|
|
3.3.3.3 Infinity, Voice, and Polarity
The last three output units in CLASPnet deal with the typical clausal properties of infinity, voice and polarity. The overall performance of the network on these units is summarized in Figure 3.14:
The result for the Infinity unit is similar to the ones we have already seen: close to perfection. Although there are not very many input patterns in the corpora for which the Infinity unit should be on (approx. 2,500 out of 43,000), these patterns are readily recognizable: the -'ing' forms can naturally be spotted by their final morpheme, while the '(in order) to' + infinitival forms are also unambiguous. The task for the -'ing' forms has been complicated by the presence of the adjective 'interesting', and by progressive verb forms (both active as in 'the sharks be catching the fish.' and passive as in 'a great dog be being pursued by the man.'). When looked at in the word by word analyses, the errors which the network makes with respect to the Infinity unit appear to be random: every once in a while, a word is classified incorrectly.
The scores for the other two units are less spectacular: still more than 65%, but nowhere close to the 'normal' 90%. If we look at the percentages of missed and spurious errors then these bad results are confirmed:
Finding the cause for all these errors is not that hard when one realizes that the network has to classify each and every word as being part of a positive/negative and active/passive clause. This task is plainly impossible for the first few words of almost all clauses: for example, after seeing 'the', 'the very', 'the very interesting', or 'the very interesting boys' even native speakers are unable to determine whether the words of this noun phrase belong to an active or a passive clause. It is only when the sentence has progressed to 'the very interesting boys do' that there is sufficient evidence to know that it is an active clause. And in order to be completely sure that it has negative polarity, one has to wait for yet another word: 'the very interesting boys do not'. In effect, the desired behavior for a connectionist model is that it postpones making a final judgment about the voice and polarity of a clause until it has gathered enough evidence (i.e. the presence or absence of certain critical markers) to be sure. And it is exactly this kind of behavior which CLASPnet tends to exhibit. At the start of each clause, the activation values for the Voice and Polarity units tend to jump to values between 0.2 and 0.8 and they then fluctuate in that range until the voice and polarity of the clause have become ascertainable.

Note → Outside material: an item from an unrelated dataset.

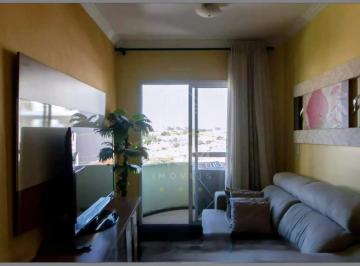 Apartamento · 74m² · 3 Quartos · 2 Vagas ·  Apartamento de 3 Dormitórios com Suíte – Vila Gonçalves SBC R$ 399.000,00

Comparing the results for these two units of the first three words of each sentence and those of the last three words of each sentence, we find very large differences (see Table 3.4 -- the numbers are from the test corpus).
| First three words of the sentences | Last three words of the sentences | ||
| Voice Unit | Missed Errors Spurious Errors | 44% 70% | 11% 19% |
| Polarity Unit | Missed Errors Spurious Errors | 62% 62% | 23% 9% |
Table 3.4: A comparison of the performance on the first three words of each sentence and the last three words for the Voice and Polarity units.
An issue raised by these results is whether a neural network could be trained to retroactively update its interpretation of an earlier word in the clause. It seems reasonable to assume that humans do so once they find out whether the clause they are reading or hearing is active/passive and positive/negative. In order to simulate this behavior, however, the network would need a far more complex architecture: instead of having a single output layer which signals the properties associated with the current word, one would need perhaps 10 or 20 different output layers on which the network can show its interpretation of the previous 9 or 19 words, in addition to the current word. As new words are presented to the net, one would be able to see the interpretation of a previous word change as it moves back one output layer at a time. Given a certain degree of interconnectivity between the hidden layers linked to the output layer for the current word and those linked to the output layers for previous words, it would at least be possible in theory for the network to learn the task. (Three practical problems which immediately come to mind would be, first, determining the number of additional output layers (a language like German might need 50 or 60 because different parts of a clause can be separated by a large number of words); second, finding an appropriate modular architecture; and, third, obtaining access to computers powerful enough for such a simulation.)